**Aim of the exercise**:
Repeat the listing word for word, but skip any pictures.

**Records to process**:
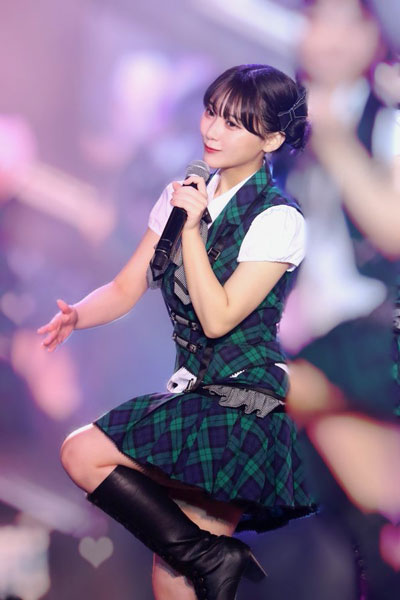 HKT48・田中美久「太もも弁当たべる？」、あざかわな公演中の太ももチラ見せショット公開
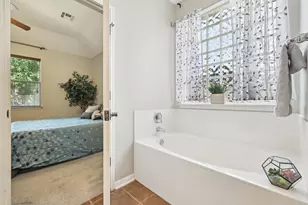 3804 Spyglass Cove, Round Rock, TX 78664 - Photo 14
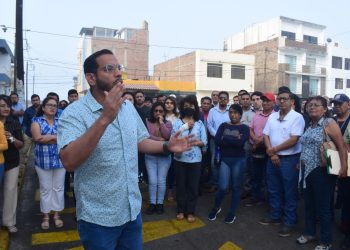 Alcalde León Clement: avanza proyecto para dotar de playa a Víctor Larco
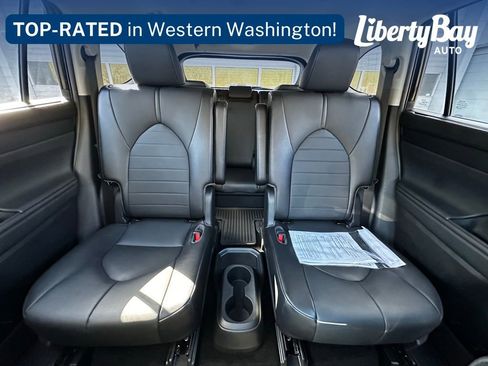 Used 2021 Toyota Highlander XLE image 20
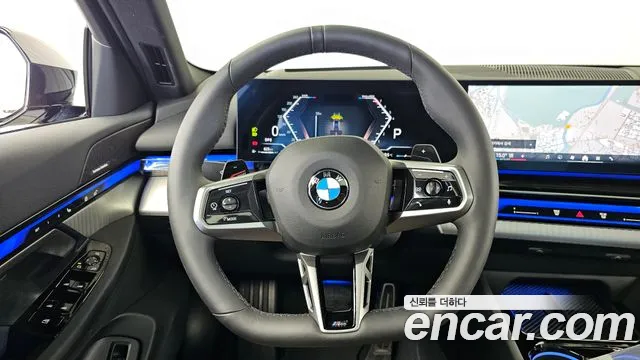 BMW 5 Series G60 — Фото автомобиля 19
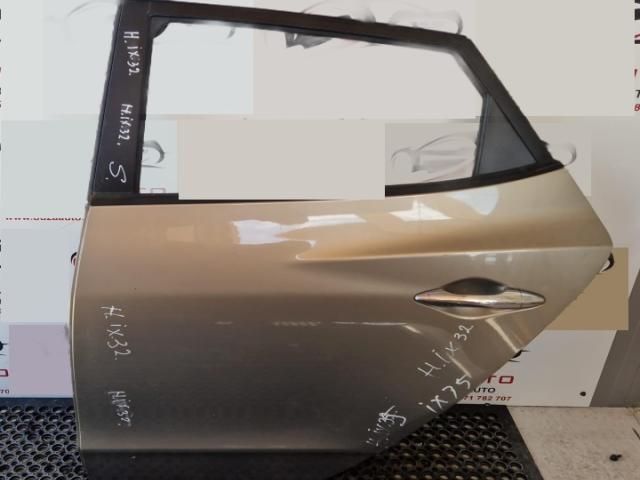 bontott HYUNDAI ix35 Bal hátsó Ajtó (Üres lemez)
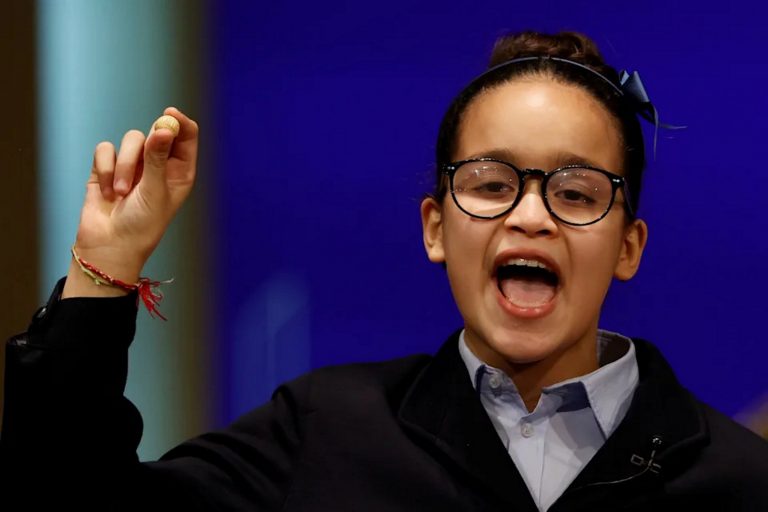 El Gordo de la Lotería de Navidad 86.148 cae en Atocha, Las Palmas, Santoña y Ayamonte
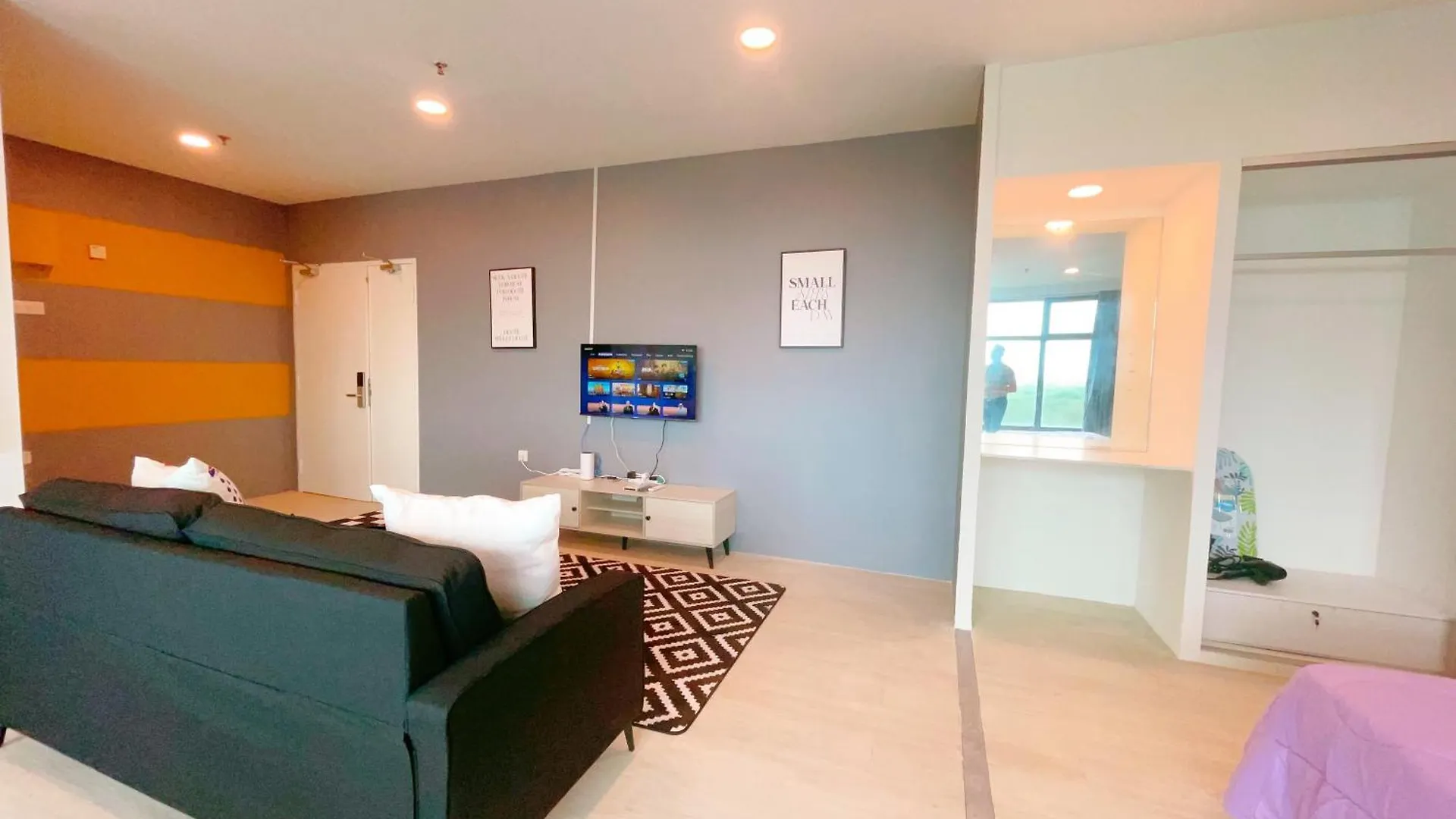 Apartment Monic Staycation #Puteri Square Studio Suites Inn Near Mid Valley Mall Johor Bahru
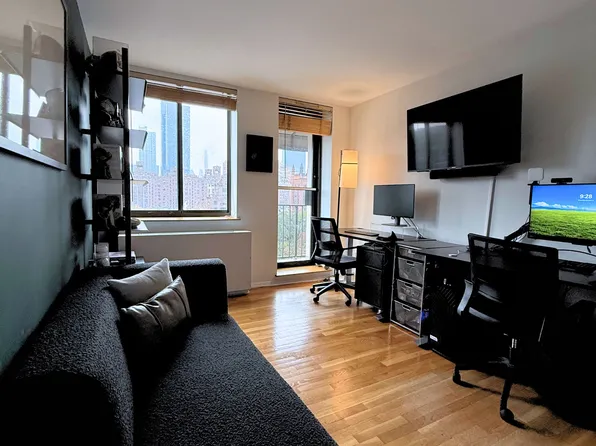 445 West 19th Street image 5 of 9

**Output of the exercise**:
 HKT48・田中美久「太もも弁当たべる？」、あざかわな公演中の太ももチラ見せショット公開
 3804 Spyglass Cove, Round Rock, TX 78664 - Photo 14
 Alcalde León Clement: avanza proyecto para dotar de playa a Víctor Larco
 Used 2021 Toyota Highlander XLE image 20
 BMW 5 Series G60 — Фото автомобиля 19
 bontott HYUNDAI ix35 Bal hátsó Ajtó (Üres lemez)
 El Gordo de la Lotería de Navidad 86.148 cae en Atocha, Las Palmas, Santoña y Ayamonte
 Apartment Monic Staycation #Puteri Square Studio Suites Inn Near Mid Valley Mall Johor Bahru
 445 West 19th Street image 5 of 9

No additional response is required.